**Brief:**
Omit all pictures. Quote only the lines from the one with "6 Photograph of" through the end of the material below.

*** Data Section Begins ***

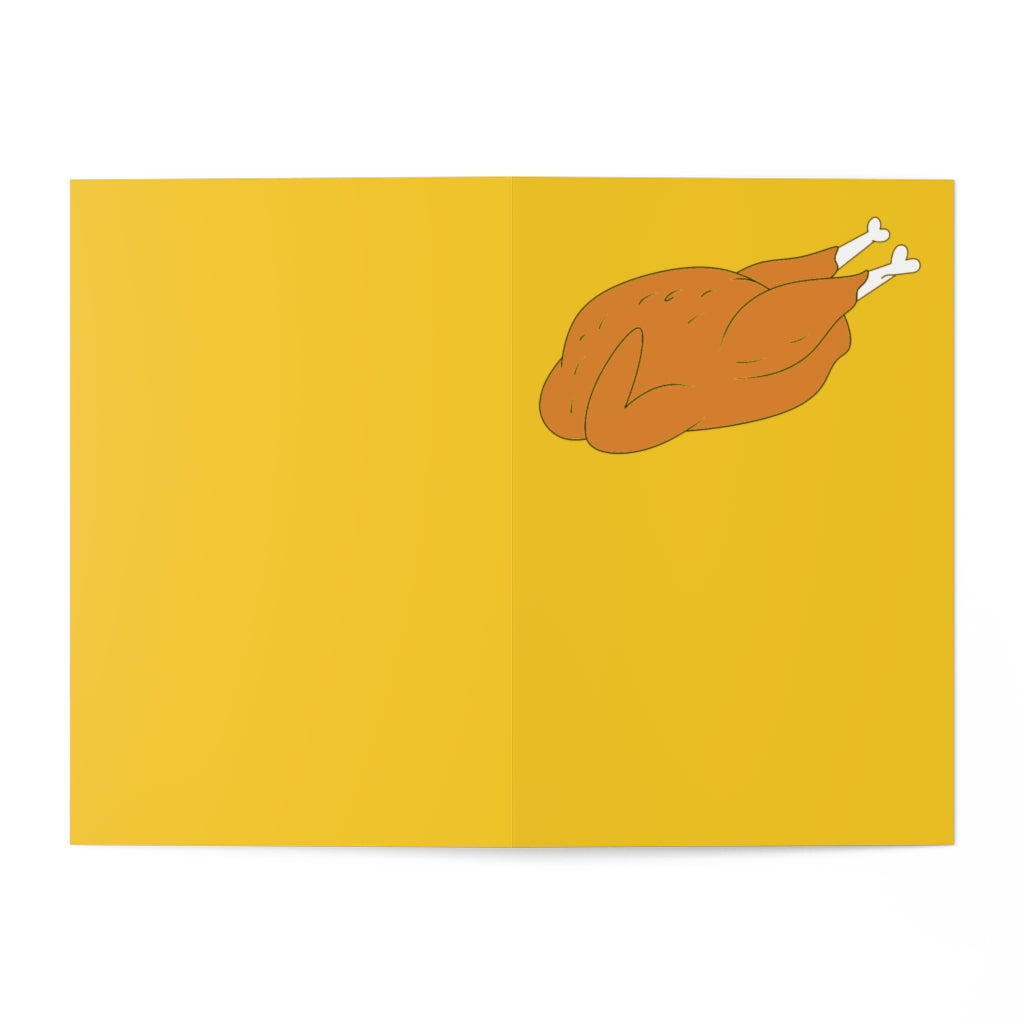 Turkey Dinner Greeting Cards (7 pcs) - WolfDuckStudiosMerch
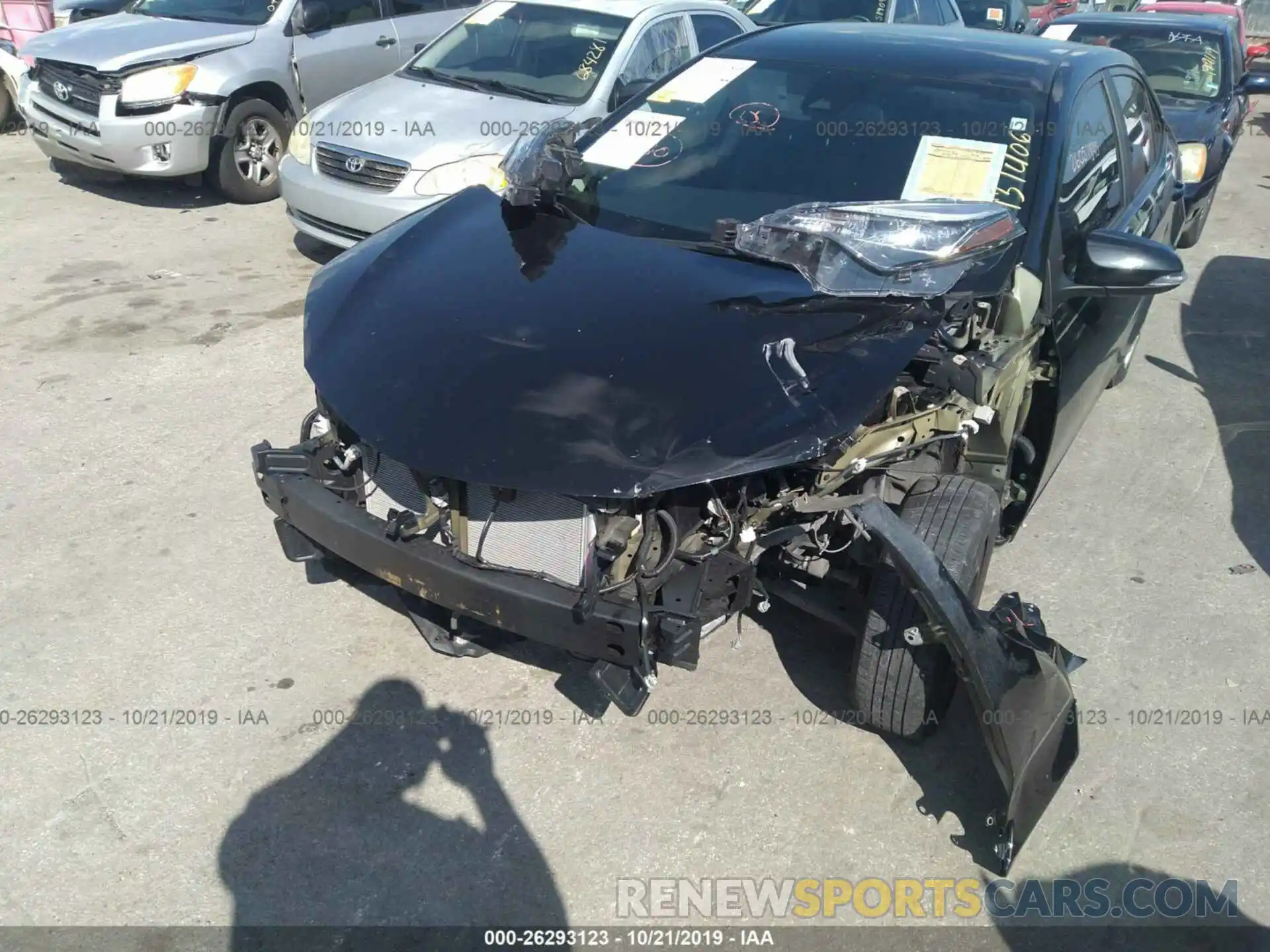 6 Photograph of a damaged car 5YFBURHEXKP931406 TOYOTA COROLLA 2019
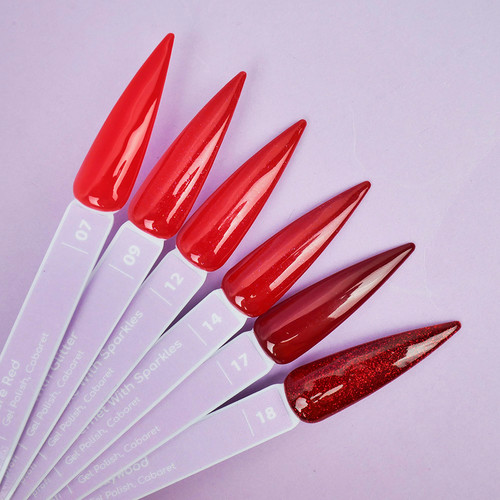 Gel polish TUFI profi CABARET 12 Carmine with glitter 15 ml (0321348) - Фото №6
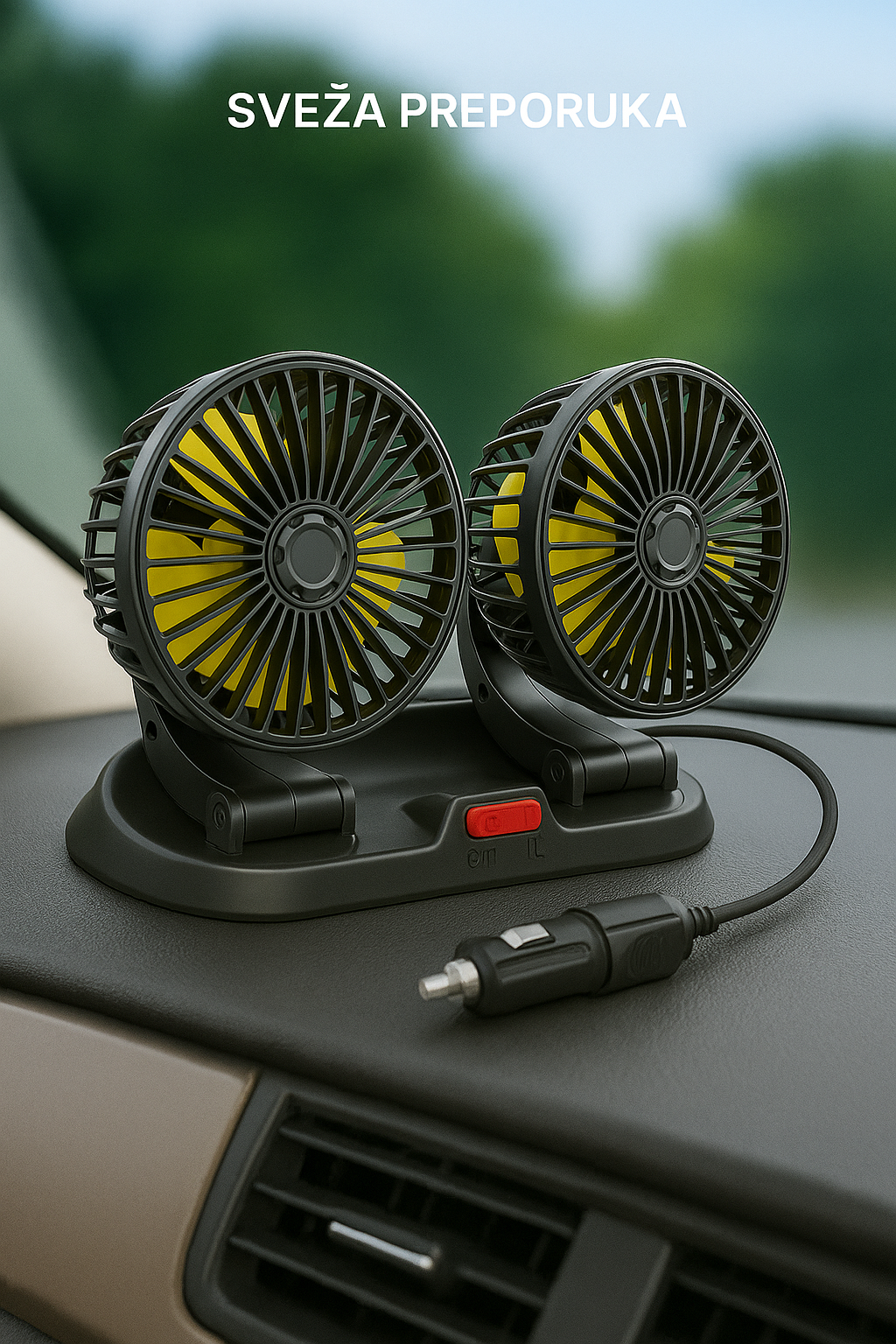 Dupli Ventilator za Automobil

*** Data Section Ends ***

**Exercise answer:**
 6 Photograph of a damaged car 5YFBURHEXKP931406 TOYOTA COROLLA 2019
 Gel polish TUFI profi CABARET 12 Carmine with glitter 15 ml (0321348) - Фото №6
 Dupli Ventilator za Automobil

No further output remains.